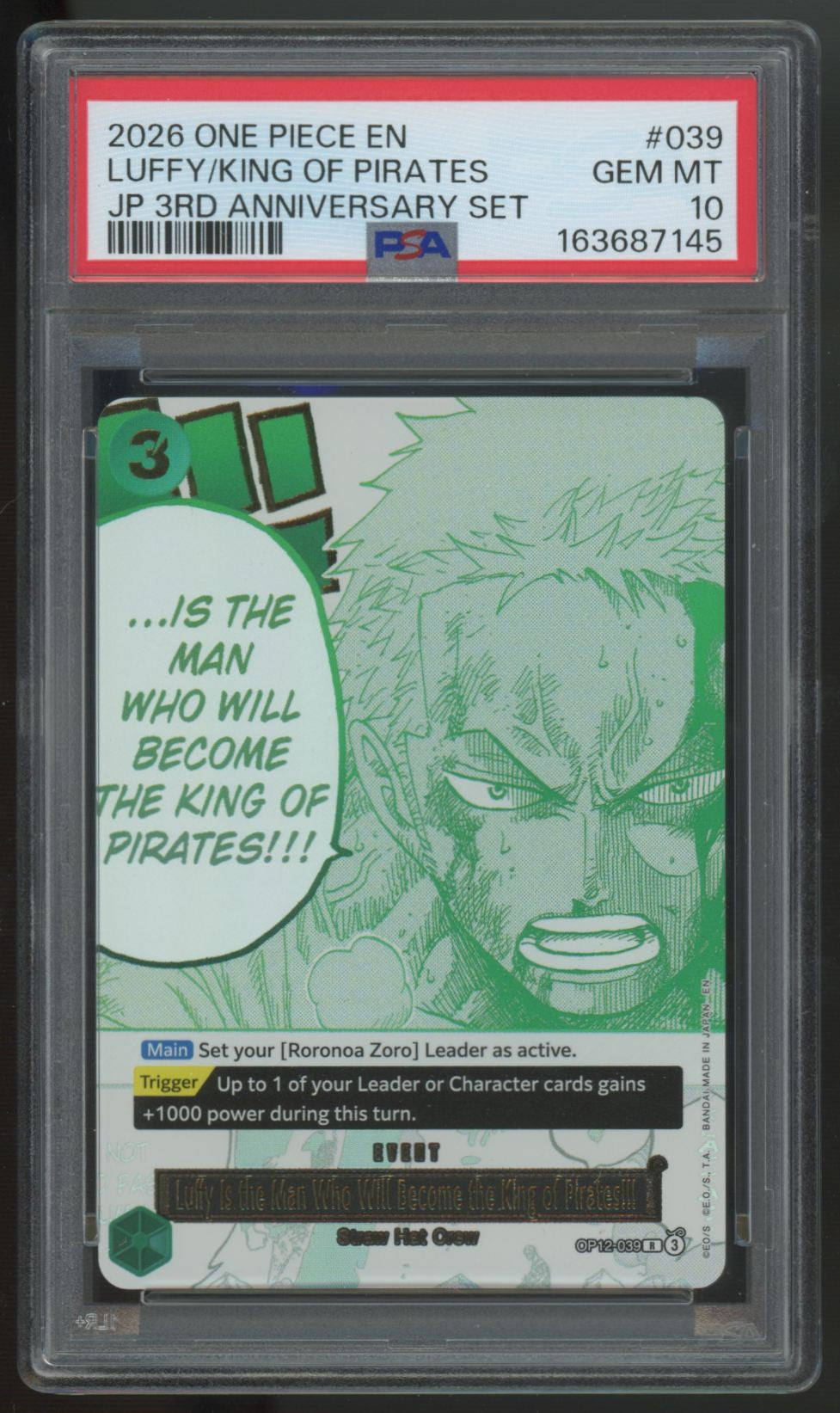 2026 One Piece Luffy King of Pirates Zoro JP 3rd Anniversary Set #39 PSA 10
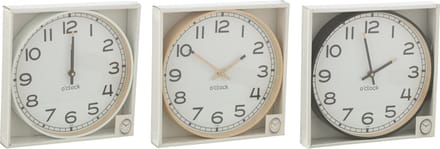 J-Line klok Rond - kunststof - beige/wit/zwart - large - 3 stuks - Ø 40 cm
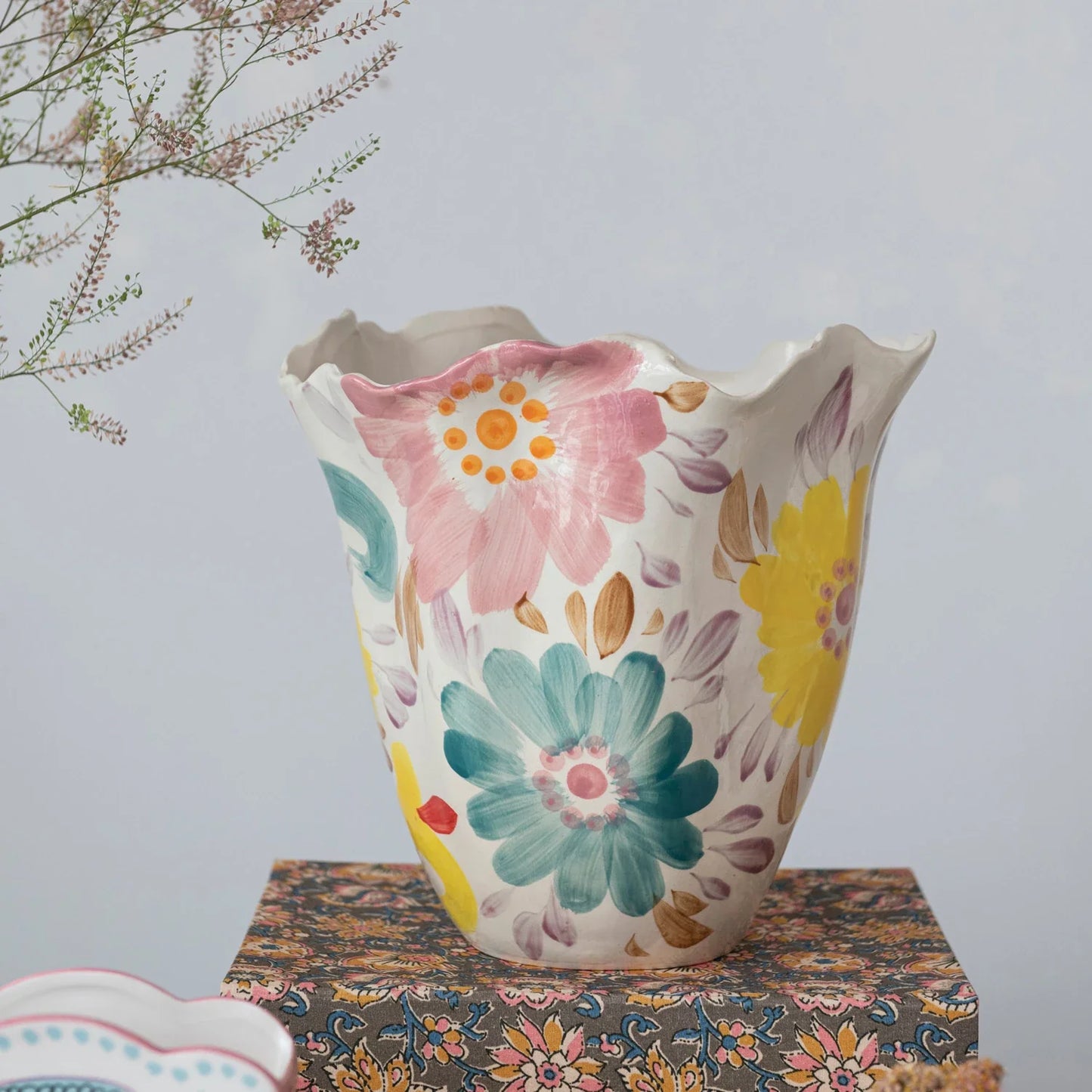 Hand-Painted Stoneware Ruffled Vase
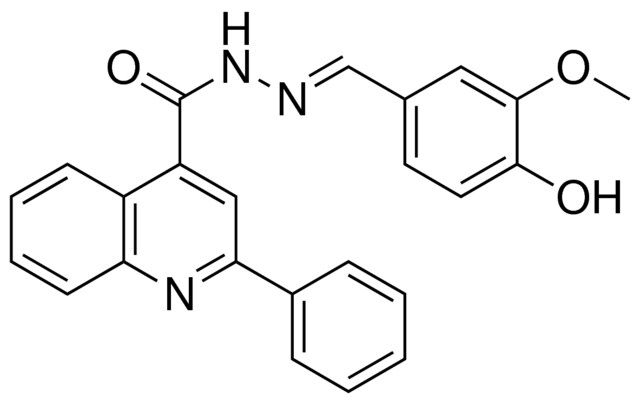 2-PHENYL-QUINOLINE-4-CARBOXYLIC ACID (4-HYDROXY-3-METHOXY-BENZYLIDENE)-HYDRAZIDE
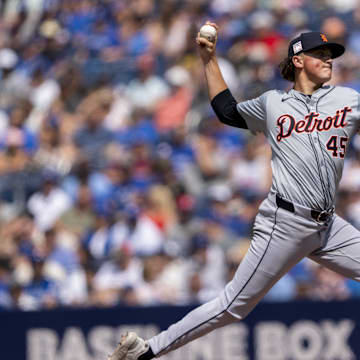 Jul 20, 2024; Toronto, Ontario, CAN; Detroit Tigers pitcher Reese Olson (45) pitches to the Toronto Blue Jays during the first inning at Rogers Centre.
::::::::
— WORK INSTRUCTION —
A faithful copy of the records above is needed, with the pictures left out.

— RESPONSE FOR THIS EXERCISE —
 2026 One Piece Luffy King of Pirates Zoro JP 3rd Anniversary Set #39 PSA 10
 J-Line klok Rond - kunststof - beige/wit/zwart - large - 3 stuks - Ø 40 cm
 Hand-Painted Stoneware Ruffled Vase
 2-PHENYL-QUINOLINE-4-CARBOXYLIC ACID (4-HYDROXY-3-METHOXY-BENZYLIDENE)-HYDRAZIDE
 Jul 20, 2024; Toronto, Ontario, CAN; Detroit Tigers pitcher Reese Olson (45) pitches to the Toronto Blue Jays during the first inning at Rogers Centre.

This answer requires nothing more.